Traditional Investors Seek Crypto Exposure—Without the Crypto
“I’ve watched my own parents go from skeptics who called Bitcoin ‘made-up internet money’ to asking how they can gain exposure,” one investor noted. That shift reflects a broader trend: traditional investors, especially those wary of direct crypto holdings, are increasingly embracing ETFs as a gateway to the digital asset space.
Paul Marino, Chief Revenue Officer at Themes ETFs, explained the timing of the launch despite recent market softness. “We’re long-term bullish on crypto and Coinbase,” he said. “COIG isn’t about trying to time the market—it’s about offering traders a liquid, leveraged way to express conviction in one of crypto’s most essential infrastructure players.”
Designed for Tactical Traders—Not Long-Term Holding
COIG is a leveraged ETF, meaning it’s built for short-term tactical use, not long-term buy-and-hold strategies. The fund aims to deliver 200% of the daily performance of COIN, making it a powerful tool for traders anticipating sharp price moves—or looking to hedge.
But as with all leveraged ETFs, the compounding effect of daily resets introduces risks. If COIN trades sideways or moves erratically, investors can lose money—even if the stock ends up slightly higher. “We don’t recommend a ‘set it and forget it’ approach,” Marino cautioned. “Investors should understand the math and risks before diving in.”
Coinbase as a Proxy for Crypto Growth
While not a pure crypto product, COIG represents a proxy bet on crypto market activity. As Coinbase earns revenue through trading volume, the company generally benefits during bullish periods in Bitcoin and broader crypto markets.
“As the Bitcoin tide rises, we believe it lifts all crypto boats—including Coinbase,” Marino said. “COIG gives traders the ability to amplify that potential—up or down—in a regulated ETF wrapper.”
Still, Marino emphasizes that COIG is not a substitute for direct crypto exposure or spot ETFs. “It’s an equity-based product that happens to track a crypto-adjacent company. It’s for traders who want leverage, not necessarily for long-term crypto believers.”

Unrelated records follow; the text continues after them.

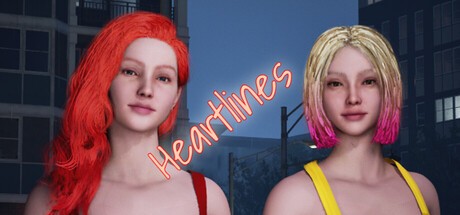 Games like Heartlines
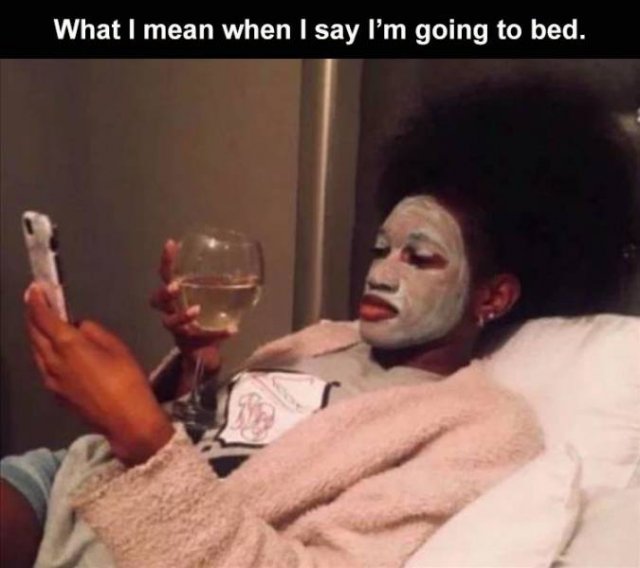 Random Funny Memes (71 pics)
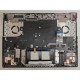 Carcasa superioara cu tastatura palmrest Laptop Gaming, Asus, G513QM-1F, 90NR0572-R32UK0, 6070B1886032, iluminata, RGB 4 Zone, layout UK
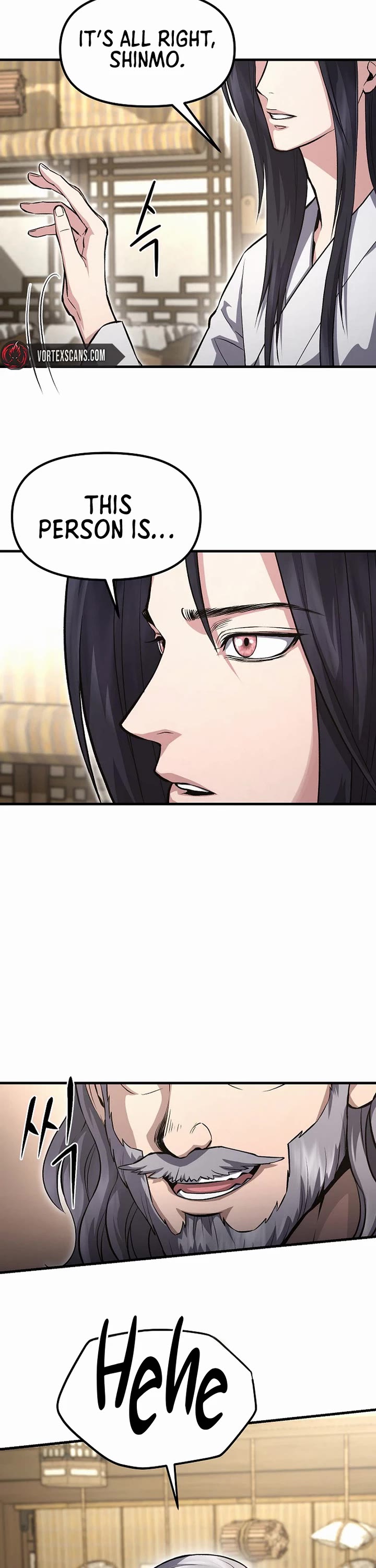 Dark and Light Martial Emperor Chapter 56 page 23 - Chapter 56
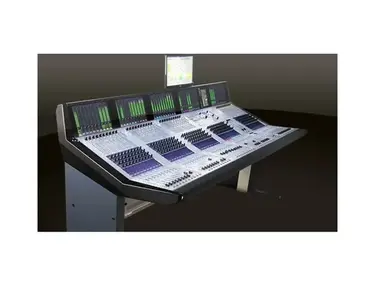 Harman Studer Vista X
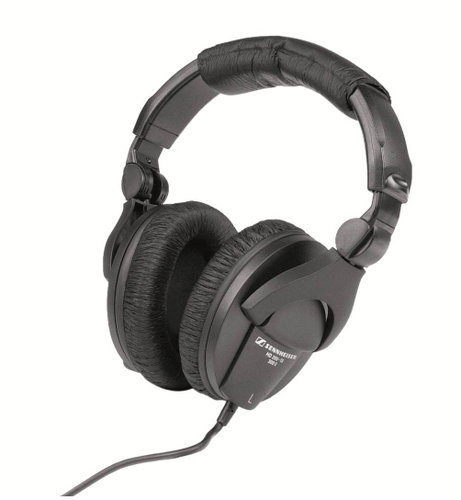  Sennheiser HD 280-13  - Headphones - Main image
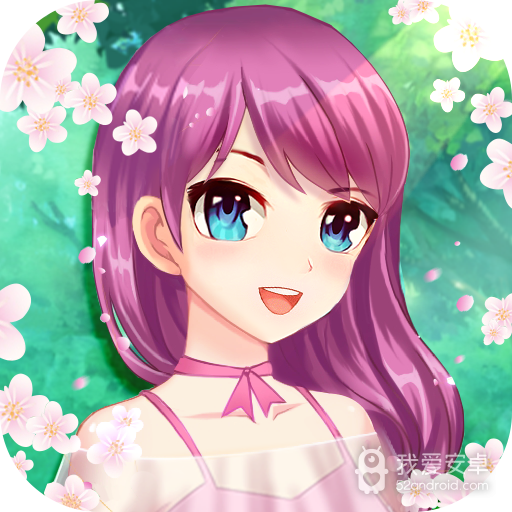 时尚女孩的装扮秀 九游版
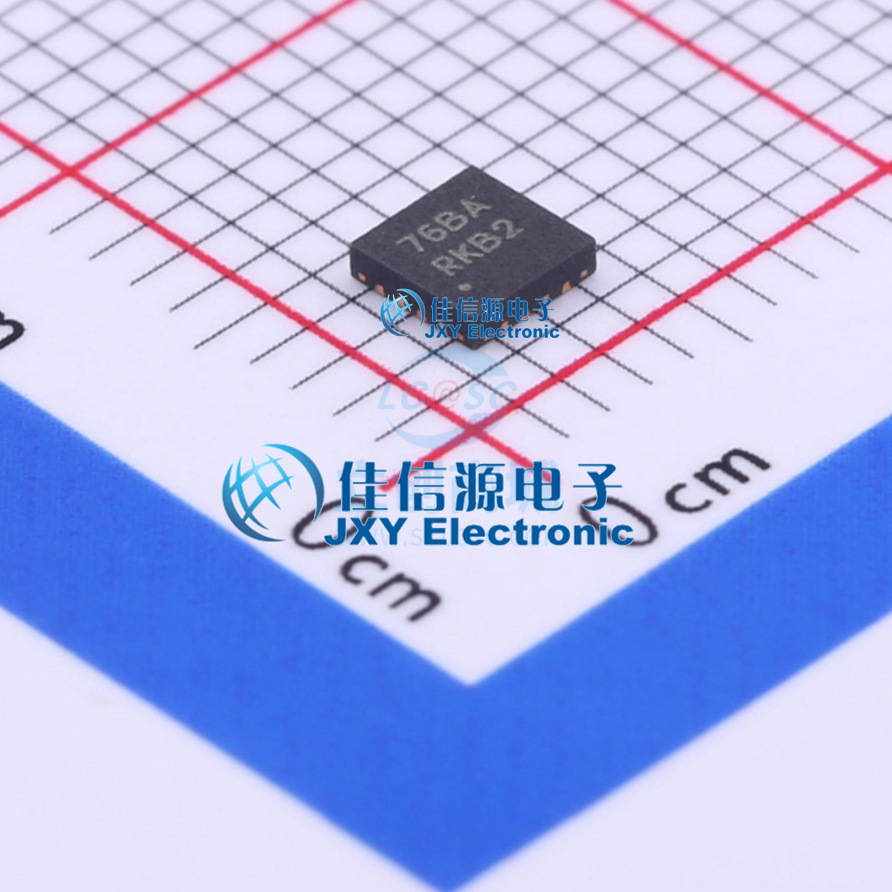 AP1076  RFIC(台湾朗弗)  QFN-16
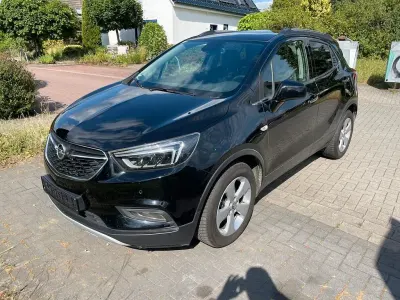 Gebraucht Opel Mokka X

Competitive Fees and Future Expansion
With an expense ratio of 0.75%, COIG is among the lowest-cost leveraged ETFs of its kind. Themes ETFs hopes this will set it apart in a growing field of complex products. Marino cited low costs and an experienced team as key differentiators, along with growing trading volumes since launch.
Looking ahead, Themes ETFs has more crypto-related products in the pipeline. While details are under wraps for now, Marino said the firm is “actively developing new, innovative tools for traders who want exposure to crypto themes without directly holding digital assets.”
A Bridge Between Traditional Finance and Digital Assets
As institutional and retail investors increasingly turn to ETFs to gain exposure to the crypto ecosystem, products like COIG represent a bridge between traditional financial infrastructure and the fast-evolving world of digital assets.
While leveraged ETFs carry significant risks, they also offer sophisticated tools for active investors—and reflect growing confidence in the crypto economy’s integration with mainstream markets.